À l’instar du vieux Sogui, Mané Diop, la soixantaine passée, reconnaît que le noyau familial au Sénégal commence malheureusement à se disloquer. « Avant, on allait rendre visite à nos parents de temps en temps. Maintenant, les temps sont tellement durs que nous sommes tous obsédés par la dépense quotidienne. Nous sommes guidés par notre désir de choses matérielles, au point de ne même plus nous préoccuper de nos propres frères. Or, c’était tout le contraire pour nos parents, qui n’étaient pas aussi attachés au luxe.

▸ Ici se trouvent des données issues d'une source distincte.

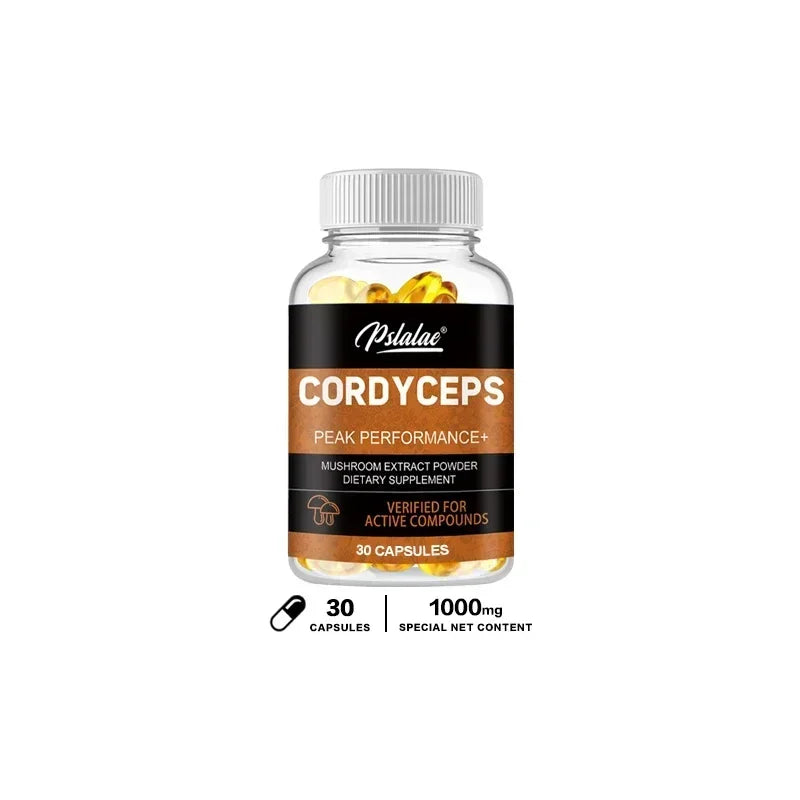 Cordyceps Capsules - Contains Organic Cordyceps Militaris To Support Immune Health, Boost Energy and Maintain Vitality, Non-GMO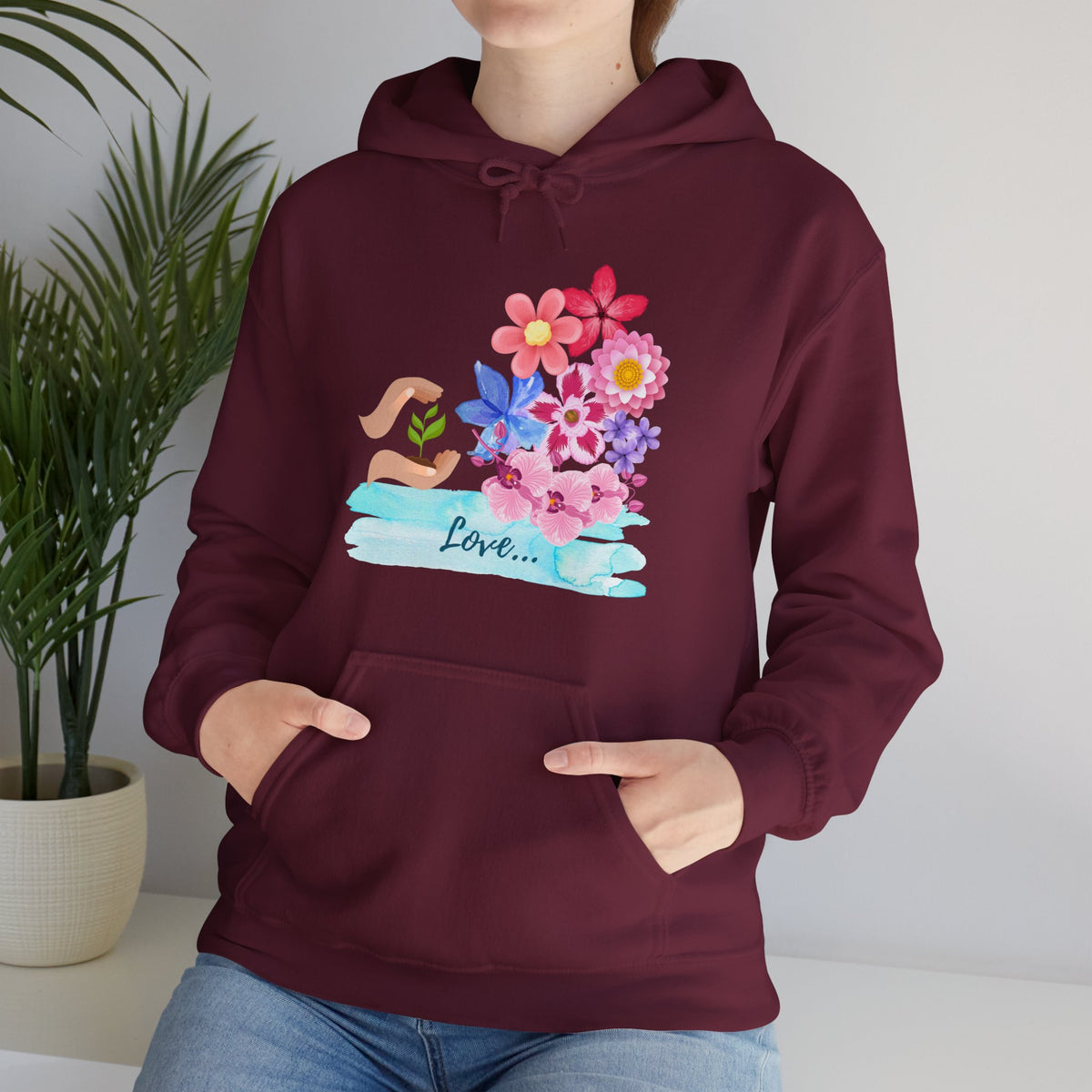 Flower Hooded Sweatshirt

C’est la conjoncture qui l’exige », renchérit cette vendeuse de fruits au marché Sandaga.
Mariages, baptêmes et décès : les seuls moments de retrouvailles
Tous obnubilés par la quête du profit au détriment de la préservation des liens familiaux, Mère Mané, comme l’appellent ses habitués, souligne que les seuls moments où les familles se réunissent maintenant sont lors des cérémonies familiales telles que les mariages, les baptêmes ou les décès. « Sinon, chacun se préoccupe de comment entretenir sa famille au quotidien », note-t-elle en rangeant ses cartons de fruits vides un à un.
Contrairement au vieux Sogui Dia et à Mère Mané, Lamine Diop, lui, soutient que la solidarité familiale existe toujours au Sénégal. « Pourtant, les gens restent solidaires au sein des familles sénégalaises. Tout dépend des parents, car ce sont eux qui tracent la voie que les enfants doivent suivre. S’ils inculquent des valeurs telles que la solidarité, le partage, l’entraide, la sympathie…, les enfants vivront ainsi, même après le départ de leurs parents », témoigne ce natif de Dakar, principalement de la rue Lamine Gueye. « Personnellement, au sein de ma famille, nous vivons en paix. Nos enfants se connaissent, et même nos petits-fils. C’est un héritage familial que nous préservons jusqu’à aujourd’hui. De temps en temps, nous organisons des réunions familiales, des moments de retrouvailles qui nous permettent de renforcer nos liens de sang », précise-t-il.